→ What to produce
Below is some data. Retype exactly the lines starting at the one with "a bedroom with" and ending at the one with "Macro shot of".

→ Listed records
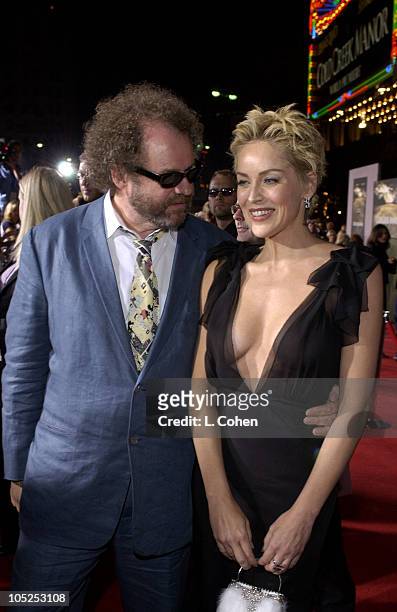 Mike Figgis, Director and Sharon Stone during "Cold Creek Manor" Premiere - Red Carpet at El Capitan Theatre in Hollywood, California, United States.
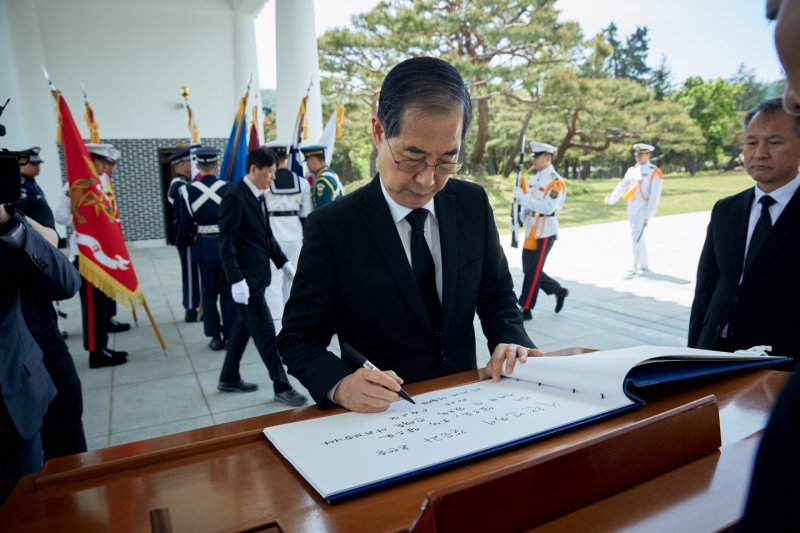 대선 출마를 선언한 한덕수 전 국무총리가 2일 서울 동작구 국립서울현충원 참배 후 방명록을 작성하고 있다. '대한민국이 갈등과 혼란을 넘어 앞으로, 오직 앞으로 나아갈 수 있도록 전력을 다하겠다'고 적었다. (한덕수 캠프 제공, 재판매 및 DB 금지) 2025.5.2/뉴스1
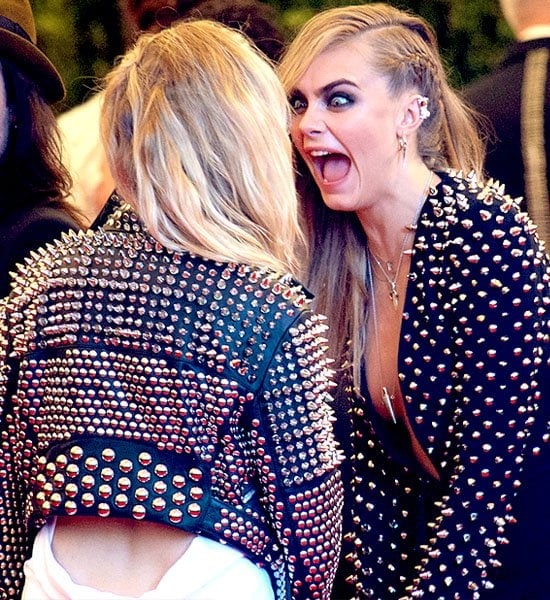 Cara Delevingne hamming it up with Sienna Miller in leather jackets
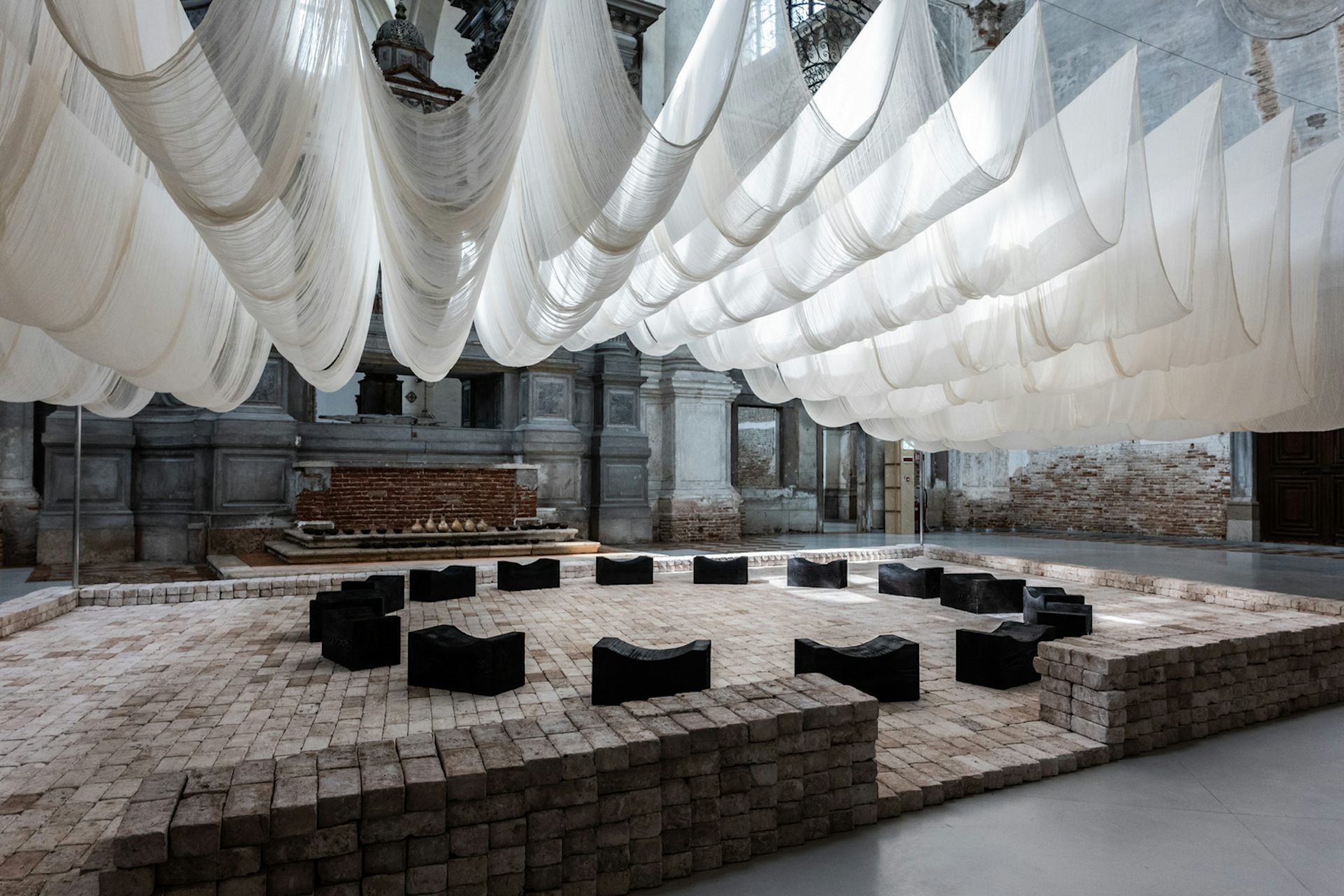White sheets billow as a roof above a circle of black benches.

* * *

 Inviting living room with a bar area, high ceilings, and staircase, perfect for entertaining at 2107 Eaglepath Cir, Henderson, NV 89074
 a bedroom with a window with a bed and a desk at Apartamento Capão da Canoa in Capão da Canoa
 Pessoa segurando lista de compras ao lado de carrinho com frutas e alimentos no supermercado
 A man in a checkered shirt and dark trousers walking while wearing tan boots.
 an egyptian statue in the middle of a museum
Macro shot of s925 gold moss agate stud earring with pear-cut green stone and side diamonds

→ Problem solution
 a bedroom with a window with a bed and a desk at Apartamento Capão da Canoa in Capão da Canoa
 Pessoa segurando lista de compras ao lado de carrinho com frutas e alimentos no supermercado
 A man in a checkered shirt and dark trousers walking while wearing tan boots.
 an egyptian statue in the middle of a museum
Macro shot of s925 gold moss agate stud earring with pear-cut green stone and side diamonds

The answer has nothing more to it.